Below are the entries to work from; restate word for word the portion that opens with the line containing "Grillwurst mit Pennesalat" and closes with the line containing "21511 Sw 87th Ct #21511 - Photo 7 of 34", keeping both.

Data shown:
•••••
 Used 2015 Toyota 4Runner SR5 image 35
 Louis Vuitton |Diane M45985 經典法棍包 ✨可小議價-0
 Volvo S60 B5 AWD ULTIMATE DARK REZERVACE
•••••
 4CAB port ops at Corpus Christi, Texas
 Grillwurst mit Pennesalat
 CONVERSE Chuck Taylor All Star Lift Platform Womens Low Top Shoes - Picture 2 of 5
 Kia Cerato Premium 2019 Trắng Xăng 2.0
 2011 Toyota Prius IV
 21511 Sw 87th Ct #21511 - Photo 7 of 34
•••••
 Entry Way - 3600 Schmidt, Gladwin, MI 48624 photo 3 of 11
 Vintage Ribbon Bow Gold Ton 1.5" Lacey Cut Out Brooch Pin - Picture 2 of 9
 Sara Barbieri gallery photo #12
•••••
Worked solution:
 Grillwurst mit Pennesalat
 CONVERSE Chuck Taylor All Star Lift Platform Womens Low Top Shoes - Picture 2 of 5
 Kia Cerato Premium 2019 Trắng Xăng 2.0
 2011 Toyota Prius IV
 21511 Sw 87th Ct #21511 - Photo 7 of 34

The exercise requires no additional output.